El pasillo se había convertido en un imaginario campo de fútbol, con una simulada portería que nos introducía en el cuarto de baño. El rectángulo de juego apenas alcanzaba los tres metros cuadrados: una inmensidad, después de dos meses de confinamiento entre las paredes del piso. Sebas había convertido aquel pequeño reducto en su territorio privado, una Rosaleda virtual, tan solo invadida cuando otro miembro de la casa quería pasar al lavabo. «No golpees muy fuerte», le decía el padre, con comprensión; «ten cuidado con las paredes», le sugería la madre. Los dos comprendían que su hijo, de apenas ocho años, tenía que desfogar por algún lado.
El pasillo, con todas las puertas cerradas, iluminado nada más que por la luz que salía de la puerta entreabierta de su habitación, se recubría de un halo de soledad y misterio, en el que Sebas se recreaba con su desbordante imaginación: levantaba los brazos, cuando conseguía dirigir la pelota a la escuadra superior de la puerta… avanzaba desde el fondo, regateándose a sí mismo y colando un gol de tacón… e incluso, se imaginaba abrazado por el resto de jugadores del equipo, simulando un abrazo virtual… Levantaba las manos, alargaba su cuerpo en un salto y se decía: «¡Bien, bien…! Gol, gol…, hemos ganado…». Y se sentía como un gigante, estrechado por la mano de Messi.

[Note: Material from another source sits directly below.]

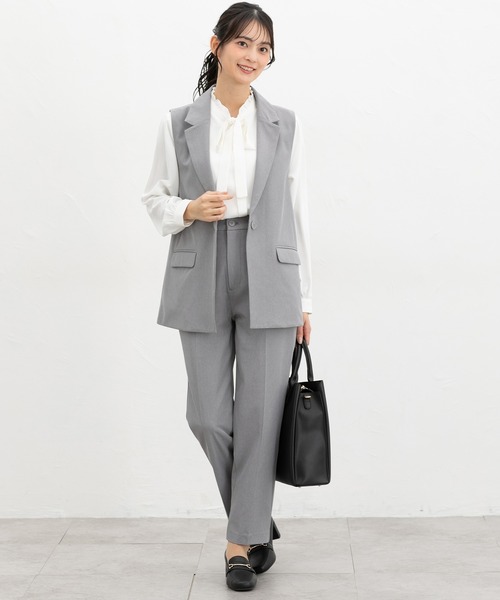 Honeys(ハニーズ)の「【ストレッチ・ウォッシャブル・イージーケア】センタープレスパンツ(股下63cm)(スラックス・レディース・ライトグレー系2/ダークベージュ/ネイビー/ライトグレー系1/ブラック・L/LL/M/S/3L)」の16枚目の写真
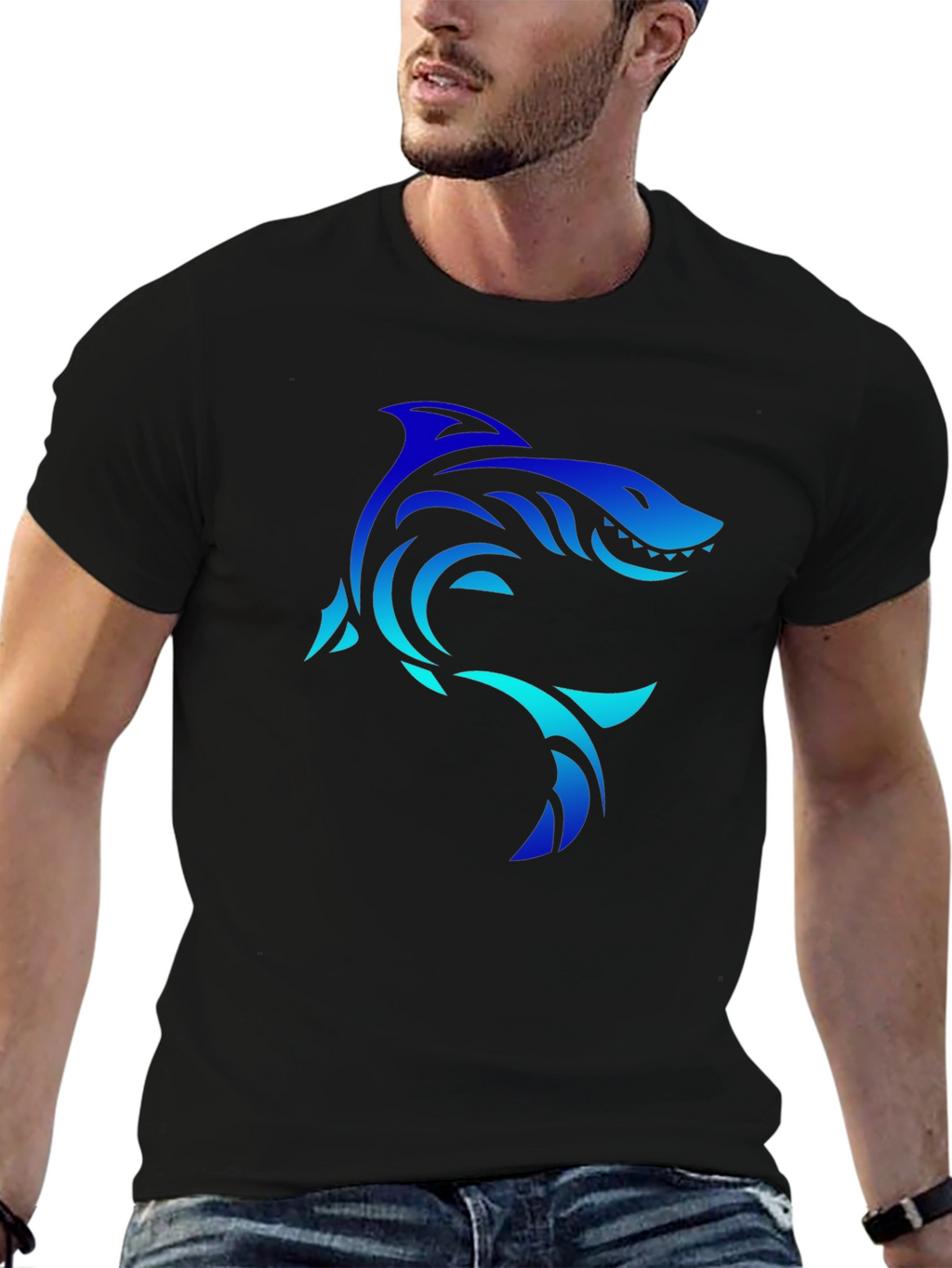 Shark Graphic Black Tee - Cool Unique Design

A veces, cuando el clímax de su partido coincidía con las ocho de la tarde, imaginaba que todos los aplausos del barrio iban dirigidos a su magnífico gol… Tan sólo le devolvía a la realidad la voz de su padre: «Sebas, ven a la terraza, vamos a aplaudir a los médicos…». En un silbido imaginario, él mismo decretaba el descanso. Con confianza, dejó el balón detrás de la puerta de su cuarto, lejos de la portería, la puerta más usada del piso. Tocó con fuerza en la habitación cerrada, junto a la suya:
– «¡Vamos a aplaudir!».
La voz del padre les reclamaba a todos para la cita del aplauso: «¡Vamos Teresa… ven, te esperamos!».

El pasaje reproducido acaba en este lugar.